# Homework Help: Crazy Function for Arc Length!

1. Jan 23, 2008

### jen333

Hi! Here's my question on finding arc length. If I've taken the derivative correctly, is there anyway I can simplify it before putting it into the arc length formula?

1. The problem statement, all variables and given/known data
Find the arc length where 0$$\leq$$x$$\leq$$2
y=(x$$^{3}$$/3)+x$$^{2}$$+x+1/(4x+4)

2. Relevant equations
L=$$\int$$ds=$$\sqrt{1+(dy/dx)^{2}}$$

3. The attempt at a solution
I've only taken the derivative so far:
(dy/dx)=x$$^{2}$$+2x+1-4(4x+4)$$^{-2}$$
=(x+1)$$^{2}$$-4(4x+4)$$^{-2}$$

I tried expanding the equation, but that only makes it more complex.

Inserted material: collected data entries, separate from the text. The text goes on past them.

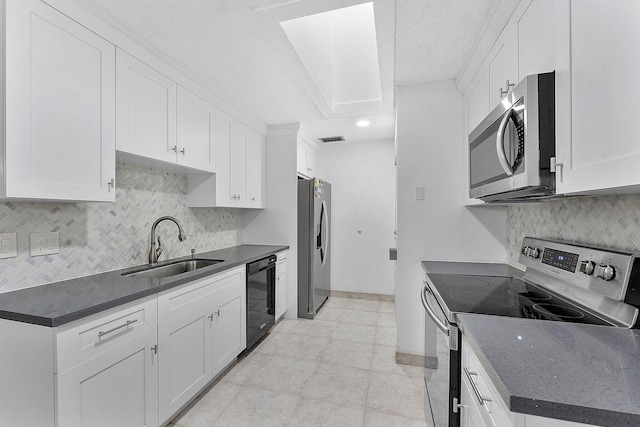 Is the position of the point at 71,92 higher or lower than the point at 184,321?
higher

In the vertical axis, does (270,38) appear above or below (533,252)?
above

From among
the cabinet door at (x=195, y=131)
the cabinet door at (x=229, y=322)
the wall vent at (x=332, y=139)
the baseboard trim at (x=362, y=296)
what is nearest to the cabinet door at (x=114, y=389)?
the cabinet door at (x=229, y=322)

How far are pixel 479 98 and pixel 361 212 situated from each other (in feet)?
8.29

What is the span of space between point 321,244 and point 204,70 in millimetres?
2317

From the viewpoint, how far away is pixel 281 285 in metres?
3.24

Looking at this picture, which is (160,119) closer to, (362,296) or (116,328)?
(116,328)

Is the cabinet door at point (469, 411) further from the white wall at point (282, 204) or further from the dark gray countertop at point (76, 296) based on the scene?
the white wall at point (282, 204)

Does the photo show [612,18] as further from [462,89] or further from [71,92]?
[71,92]

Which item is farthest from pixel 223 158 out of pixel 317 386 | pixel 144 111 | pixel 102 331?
pixel 317 386

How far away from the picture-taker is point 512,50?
1405mm

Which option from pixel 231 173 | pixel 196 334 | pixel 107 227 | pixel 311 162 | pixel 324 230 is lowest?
pixel 196 334

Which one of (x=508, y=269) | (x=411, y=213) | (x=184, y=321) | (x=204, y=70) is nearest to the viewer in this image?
(x=184, y=321)

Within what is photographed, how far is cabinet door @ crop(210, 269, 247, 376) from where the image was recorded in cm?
208

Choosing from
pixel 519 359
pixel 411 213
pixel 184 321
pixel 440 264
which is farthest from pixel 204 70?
pixel 519 359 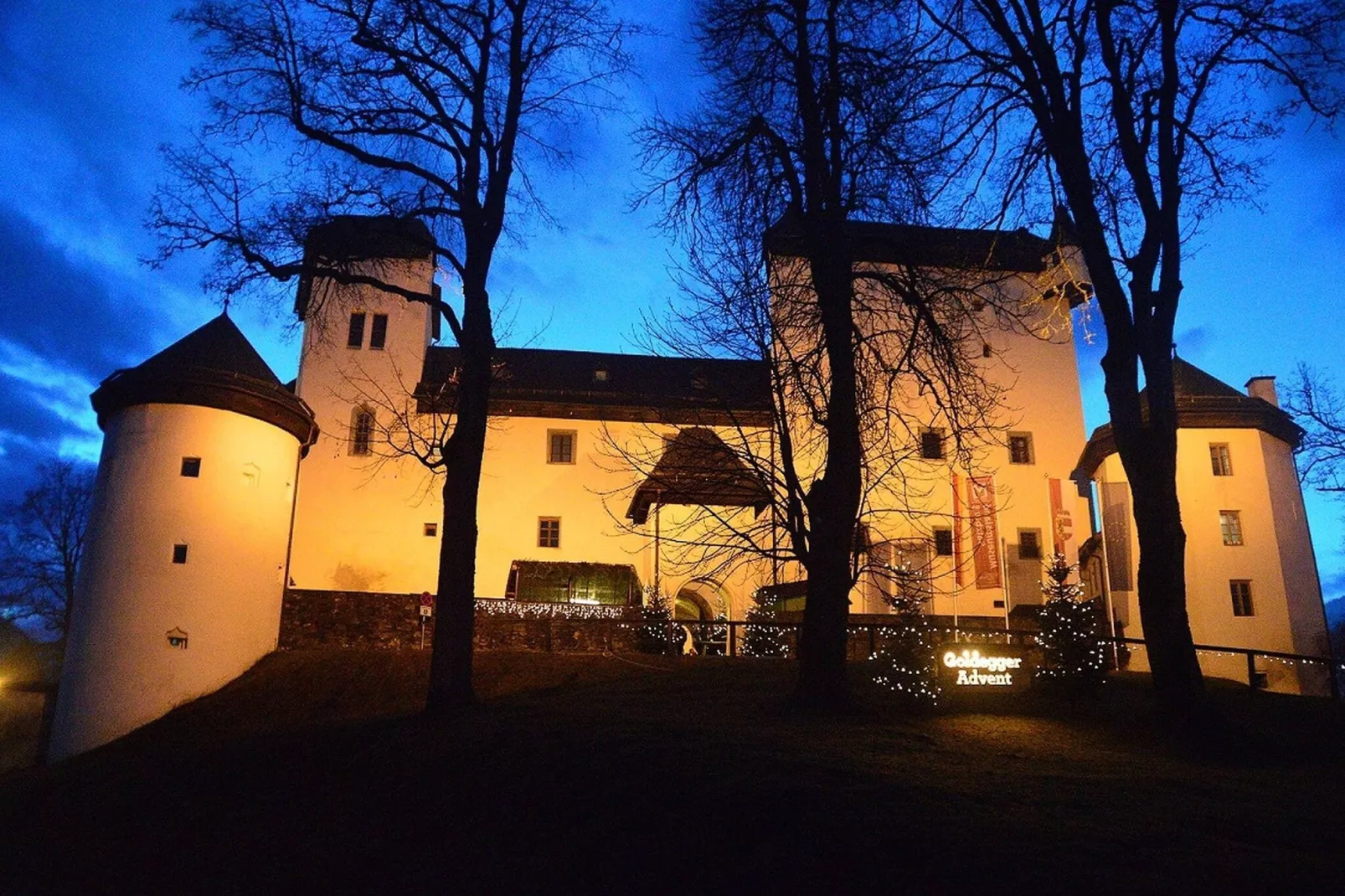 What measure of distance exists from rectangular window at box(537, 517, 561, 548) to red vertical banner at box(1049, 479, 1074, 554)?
16867mm

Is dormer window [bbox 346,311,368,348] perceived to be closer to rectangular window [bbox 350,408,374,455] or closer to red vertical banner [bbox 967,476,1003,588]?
rectangular window [bbox 350,408,374,455]

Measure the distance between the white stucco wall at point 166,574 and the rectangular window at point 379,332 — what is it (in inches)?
460

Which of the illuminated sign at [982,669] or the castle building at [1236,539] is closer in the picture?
the illuminated sign at [982,669]

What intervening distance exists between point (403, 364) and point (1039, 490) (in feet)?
81.9

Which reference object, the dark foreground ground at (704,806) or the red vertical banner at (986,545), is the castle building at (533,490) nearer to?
the red vertical banner at (986,545)

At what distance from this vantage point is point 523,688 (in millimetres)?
20672

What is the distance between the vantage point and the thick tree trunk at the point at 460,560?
44.8ft

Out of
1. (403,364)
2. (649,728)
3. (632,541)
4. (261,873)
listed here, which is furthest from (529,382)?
(261,873)

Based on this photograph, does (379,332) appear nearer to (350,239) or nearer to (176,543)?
(176,543)

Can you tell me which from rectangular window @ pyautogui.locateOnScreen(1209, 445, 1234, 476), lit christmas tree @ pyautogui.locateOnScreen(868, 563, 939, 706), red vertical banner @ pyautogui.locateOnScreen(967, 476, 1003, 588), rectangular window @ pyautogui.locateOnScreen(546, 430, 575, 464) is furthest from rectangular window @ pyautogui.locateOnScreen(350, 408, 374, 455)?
rectangular window @ pyautogui.locateOnScreen(1209, 445, 1234, 476)

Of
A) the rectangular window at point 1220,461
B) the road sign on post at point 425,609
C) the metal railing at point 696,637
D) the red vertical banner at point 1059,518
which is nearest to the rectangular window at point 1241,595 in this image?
the rectangular window at point 1220,461

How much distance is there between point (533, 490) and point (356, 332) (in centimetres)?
986

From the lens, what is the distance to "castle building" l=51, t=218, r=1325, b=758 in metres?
19.5

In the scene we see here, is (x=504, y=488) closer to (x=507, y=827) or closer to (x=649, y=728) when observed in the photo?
(x=649, y=728) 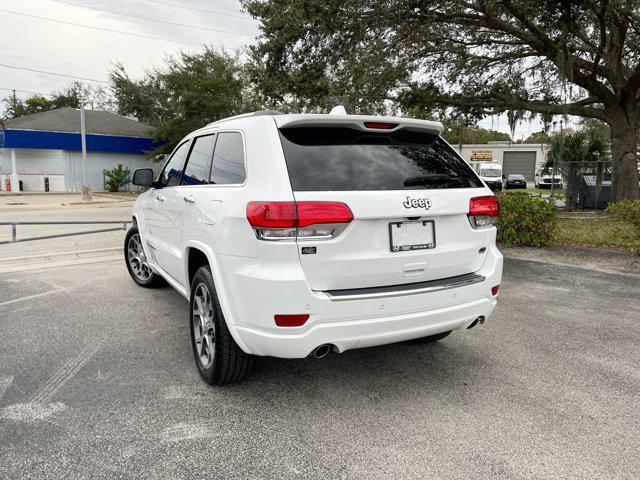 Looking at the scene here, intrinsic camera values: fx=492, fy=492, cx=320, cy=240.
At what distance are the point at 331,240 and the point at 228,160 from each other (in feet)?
3.70

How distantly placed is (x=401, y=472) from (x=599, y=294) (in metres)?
4.68

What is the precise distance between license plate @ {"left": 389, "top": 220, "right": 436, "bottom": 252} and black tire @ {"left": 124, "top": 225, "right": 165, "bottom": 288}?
3749 mm

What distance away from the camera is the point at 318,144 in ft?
10.2

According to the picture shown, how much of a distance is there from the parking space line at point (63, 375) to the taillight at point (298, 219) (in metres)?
1.90

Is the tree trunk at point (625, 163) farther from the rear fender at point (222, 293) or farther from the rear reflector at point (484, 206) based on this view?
the rear fender at point (222, 293)

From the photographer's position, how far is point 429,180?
325 cm

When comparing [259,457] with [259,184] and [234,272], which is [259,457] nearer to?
[234,272]

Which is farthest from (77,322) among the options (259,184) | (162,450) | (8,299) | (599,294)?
(599,294)

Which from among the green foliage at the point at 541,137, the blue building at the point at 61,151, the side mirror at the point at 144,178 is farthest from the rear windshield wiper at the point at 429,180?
the blue building at the point at 61,151

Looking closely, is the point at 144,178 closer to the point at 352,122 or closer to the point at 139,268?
the point at 139,268

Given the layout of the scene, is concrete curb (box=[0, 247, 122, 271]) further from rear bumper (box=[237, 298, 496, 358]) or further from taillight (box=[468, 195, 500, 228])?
taillight (box=[468, 195, 500, 228])

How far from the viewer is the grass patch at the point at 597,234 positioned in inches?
329

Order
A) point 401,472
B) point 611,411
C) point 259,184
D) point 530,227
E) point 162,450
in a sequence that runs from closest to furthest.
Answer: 1. point 401,472
2. point 162,450
3. point 259,184
4. point 611,411
5. point 530,227

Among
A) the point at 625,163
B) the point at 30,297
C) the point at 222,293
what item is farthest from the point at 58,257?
the point at 625,163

I know to find the arc length I need to square the derivative and place it in the formula (and possibly using substitution), but I'm just wondering how I can simplify the above equation to make it easier to square and calculate!

Last edited: Jan 23, 2008
2. Jan 24, 2008

### Gib Z

Polynomial division!! =]

3. Jan 24, 2008

### Defennder

Yeah you should get this if you do the polynomial division correctly:

$$\int_0^2 (x+1)^2 + \frac{1}{4(x+1)^4} dx$$.

To make things easier, denote (x+1) by A or some other letter, then it'll look easier.

EDIT: Fixed error

Last edited: Jan 24, 2008
4. Jan 24, 2008

### HallsofIvy

I would look at it like this:
$$y'= x^2+ 2x+ 1- \frac{4}{(4x+ 4)^2}= x^2+ 2x+ 1- \frac{1}{4(x+1)^2}$$
$$= (x+ 1)^2- \left(\frac{1}{2(x+1)}\right)^2$$
so
$$(y')^2= (x+1)^4- 1/2+ \left(\frac{1}{2(x+1)}\right)^4$$
$$(y')^2+ 1= (x+1)^4+ 1/2+ \left(\frac{1}{2(x+1)}\right)^4$$
$$= \left((x+1)^2+ \left(\frac{1}{2(x+1)}\right)^2\right)^2$$
so that
$$\sqrt{(y')^2+ 1}= (x+1)^2+ \frac{1}{2(x+2)}$$

5. Jan 24, 2008

### Defennder

There's a small error here, the last term should read 1/4(x+1)^2 instead.